Atomic rules

  • ref ((ref <name>)): returns a proof previously defined using stepc (see composite proofs below) or a unit clause corresponding to a local assumption of steps. There is no need to re-prove anything, we assume the step was valid and just reuse its conclusion.

    In other words, (ref c5) coming after (defc c5 (cl (+ p) (+ q)) <proof>) is a trivial proof of the clause (cl (+ p) (+ q)).

    The serialization might use "@" instead of "ref".

  • refl ((refl <term>)): (refl t) is a proof of the clause (cl (+ (= t t))).

  • assert ((assert <term>)): proves a unit clause (cl (+ t)) (if the term is t), but only if it matches exactly an assertion/hypothesis of the original problem.

    (TODO: be able to refer to the original formula by file+name if it was provided)

  • hres ((hres <proof> <hstep>+)): a fold-like operation on the initial proof's result.

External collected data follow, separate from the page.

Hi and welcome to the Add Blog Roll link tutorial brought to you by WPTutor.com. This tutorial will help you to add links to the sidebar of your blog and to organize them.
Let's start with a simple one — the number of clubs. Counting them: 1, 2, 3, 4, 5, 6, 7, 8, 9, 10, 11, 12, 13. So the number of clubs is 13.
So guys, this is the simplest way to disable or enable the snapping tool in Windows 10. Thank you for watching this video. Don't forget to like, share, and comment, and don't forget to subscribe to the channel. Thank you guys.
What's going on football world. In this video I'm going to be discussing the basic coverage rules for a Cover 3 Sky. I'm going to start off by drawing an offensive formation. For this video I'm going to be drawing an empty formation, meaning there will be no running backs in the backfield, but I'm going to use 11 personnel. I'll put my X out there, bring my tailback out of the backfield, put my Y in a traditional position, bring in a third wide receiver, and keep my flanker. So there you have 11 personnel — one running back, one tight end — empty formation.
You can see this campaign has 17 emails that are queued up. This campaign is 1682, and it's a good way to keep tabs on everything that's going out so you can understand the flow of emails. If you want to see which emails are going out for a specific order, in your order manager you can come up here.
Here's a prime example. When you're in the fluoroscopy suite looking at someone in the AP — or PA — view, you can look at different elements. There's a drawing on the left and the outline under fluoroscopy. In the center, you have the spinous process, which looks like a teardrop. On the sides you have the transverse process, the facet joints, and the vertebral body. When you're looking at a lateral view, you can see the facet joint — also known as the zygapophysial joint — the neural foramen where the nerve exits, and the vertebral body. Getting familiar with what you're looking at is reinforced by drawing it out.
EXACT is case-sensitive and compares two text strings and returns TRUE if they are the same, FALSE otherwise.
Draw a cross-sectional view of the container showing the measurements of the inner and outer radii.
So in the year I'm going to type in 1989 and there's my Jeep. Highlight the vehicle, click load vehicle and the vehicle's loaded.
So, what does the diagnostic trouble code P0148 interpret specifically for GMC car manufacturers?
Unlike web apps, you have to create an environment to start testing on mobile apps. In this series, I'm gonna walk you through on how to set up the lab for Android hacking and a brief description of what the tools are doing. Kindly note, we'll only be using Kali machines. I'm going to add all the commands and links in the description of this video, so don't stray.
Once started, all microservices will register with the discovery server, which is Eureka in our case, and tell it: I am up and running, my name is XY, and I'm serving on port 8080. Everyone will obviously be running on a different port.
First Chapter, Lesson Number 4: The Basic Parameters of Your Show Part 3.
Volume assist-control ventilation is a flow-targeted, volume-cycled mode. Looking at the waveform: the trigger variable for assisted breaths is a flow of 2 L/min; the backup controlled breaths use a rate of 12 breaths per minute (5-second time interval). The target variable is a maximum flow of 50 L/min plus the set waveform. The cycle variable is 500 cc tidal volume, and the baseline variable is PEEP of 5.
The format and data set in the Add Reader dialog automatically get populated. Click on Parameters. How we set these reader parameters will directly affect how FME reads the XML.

It can represent a resolution step, or hyper-resolution, or some boolean paramodulation steps. As opposed to the other rules which are mostly useful for preprocessing/simplification of the original problem, this is expected to be one of the main inference rules for resolution/superposition provers.

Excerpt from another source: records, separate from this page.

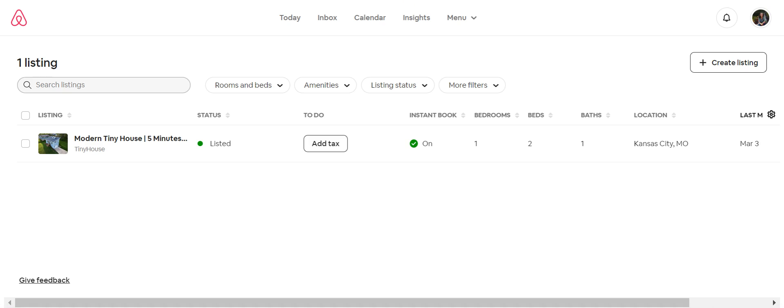Right now I'm logged into airbnb.com/hosting. It is the hosting portal or platform, not the guest side of Airbnb. So right here I have my listing, and whether you're a host or wanting to be a co-host, you're going to want your own Airbnb account.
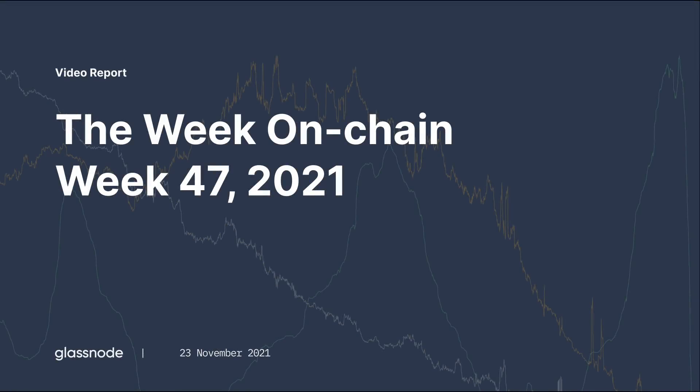Hello everyone, and welcome to your Glassnode video report for week 47. I'm your host, Checkmate, and we're recording this on the 23rd of November, 2021.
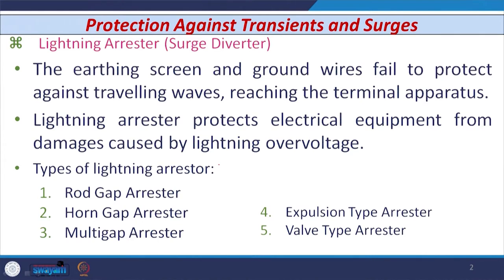Let us discuss what we already covered in the earlier class, related to protection against transients and surges. There are several equipment used for this protection: shielding or earthing screen, ground wire, surge diverter, and lightning arrester — sometimes also known as the surge diverter. The earthing screen and ground wires are not capable of providing protection against travelling waves reaching the terminal apparatus.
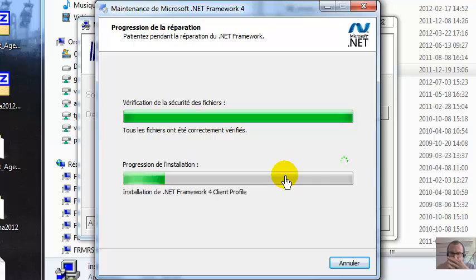We keep on going. The MAG3 .NET Framework 4 is quite heavy.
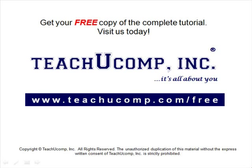Get your free copy of the complete tutorial at www.teachyoucomp.com forward slash free.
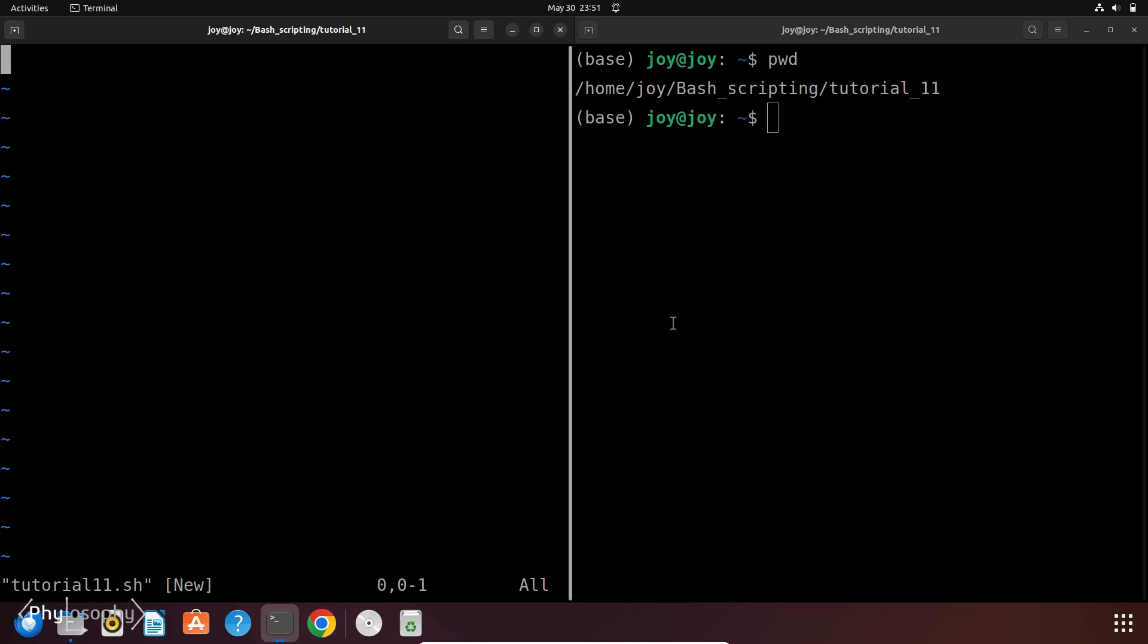In today's episode, we will explore the Select Loop in Bash Scripting. If you are looking to create interactive scripts that prompt users with a list of options, then this video is for you.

    The proof step (hres (init p0) h1 h2 … hn) starts with the clause C0 obtained by validating p0. It then applies each "h-step" in the order they are presented. Assuming the current clause is C == (cl l1 … lm), each h-step can be one of the following:

    • resolution ((r <term> <proof>)): (r t proof) resolves proof into a clause D which must contain a literal (+ t) or (- t). Then it performs boolean resolution between the current clause C and the clause D with pivot literal (+ t).

      Without loss of generality let's assume the proof returns D where \( D \triangleq D' \lor (+ t) \), and \( C \triangleq C' \lor (- t) \). Then the new clause is \( C' \lor D' \).

    • unit resolution ((r1 <proof>)): (r1 proof) resolves proof into a clause D which must be a unit-clause (i.e. exactly one literal). Since there is not ambiguity on the pivot, it performs unit resolution between C and D on the unique literal of D.

    • boolean-paramodulation ((p <term> <term> <proof>)): (p lhs rhs proof) resolves proof into a clause D which must contain a literal (+ (= lhs rhs)), where both lhs and rhs are boolean terms. In other words, \( D \triangleq lhs = rhs \lor D' \).

      The current clause C must contain a literal (± lhs); ie. \( C \triangleq C' \lor ± lhs \).

      the result is obtained by replacing lhs with rhs in C and adding D' back. Mathematically:

      \[ \cfrac{ lhs = rhs \lor D' \qquad lhs \lor C' }{ C' \lor D' \lor rhs } \]

    • unit-boolean-paramodulation ((p1 <proof>)): Same as p but the proof must return a unit clause (+ (= lhs rhs)).

  • r ((r <term> <proof> <proof>)): resolution on the given pivot between the two clauses.

    The proof term (r pivot p1 p2) corresponds to (hres p1 (r pivot p2)).

  • r1 ((r1 <proof> <proof>)): unit resolution. The shortcut (r1 p1 p2) allows the user to omit the pivot if one the the two proofs is unit (ie. has exactly one literal). It is the same as (hres p1 (r1 p2)).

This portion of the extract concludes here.